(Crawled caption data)
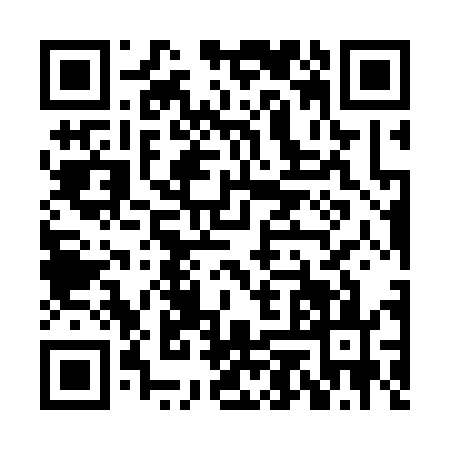 QR code for HEU3436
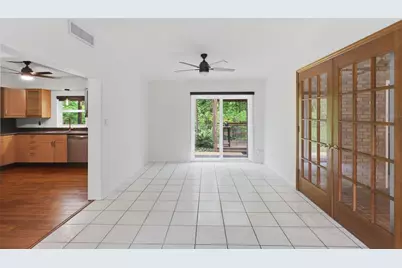 230 Hazard Street, Orlando, FL 32804 - Photo 15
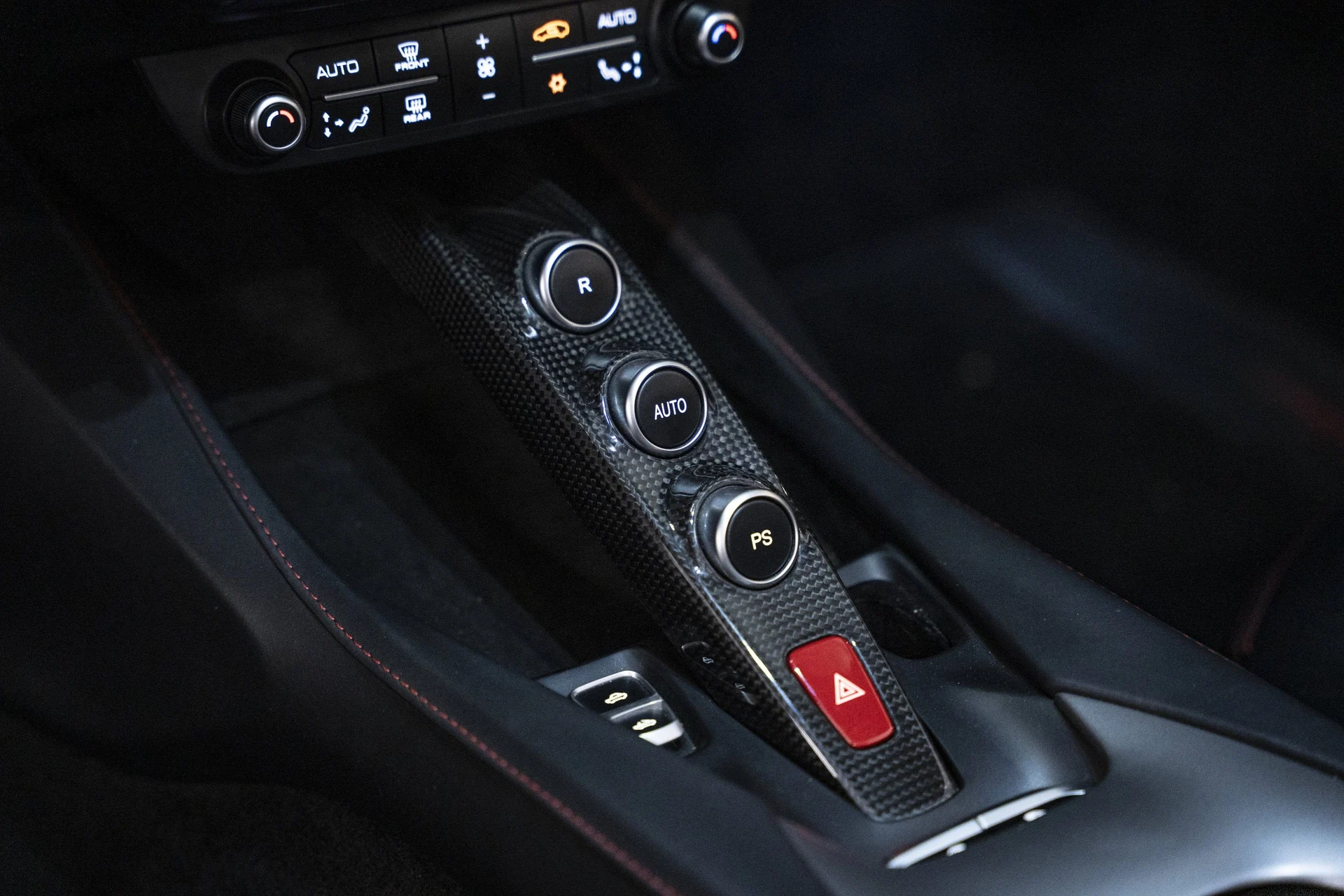 mph041_1469555704_bea0bfc9e26a42d5b4590be13dc20214_a5bfed7673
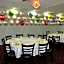 Springwood Tower Apartment Hotel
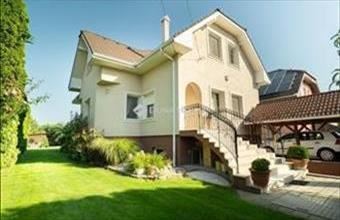 Eladó Halászteleki családi ház hirdetés (35583249)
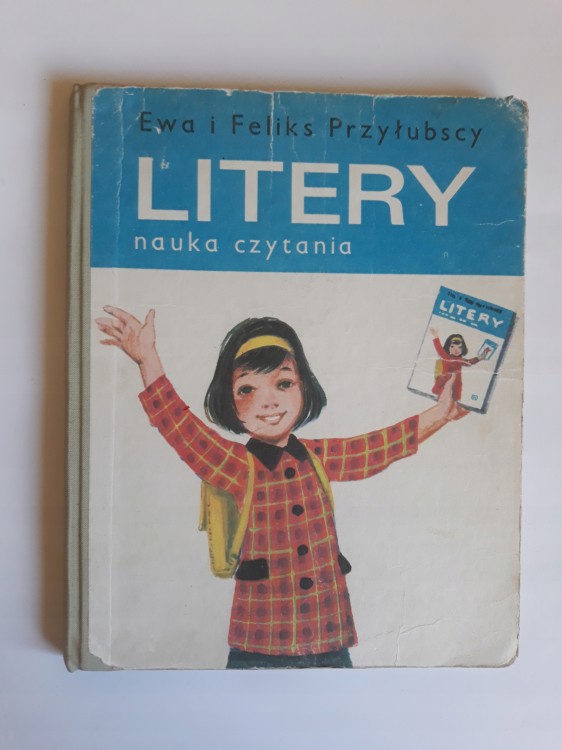 b8152a4d417cac1724c3b9b9033c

DIRECTIONS FOR THIS TASK: Reproduce, with no pictures, the lines from the one containing "mph041_1469555704_bea0bfc9e26a42d5b4590be13dc20214_a5bfed7673" to the end of the records above, exactly and inclusively.

REPLY TO THE TASK:
 mph041_1469555704_bea0bfc9e26a42d5b4590be13dc20214_a5bfed7673
 Springwood Tower Apartment Hotel
 Eladó Halászteleki családi ház hirdetés (35583249)
 b8152a4d417cac1724c3b9b9033c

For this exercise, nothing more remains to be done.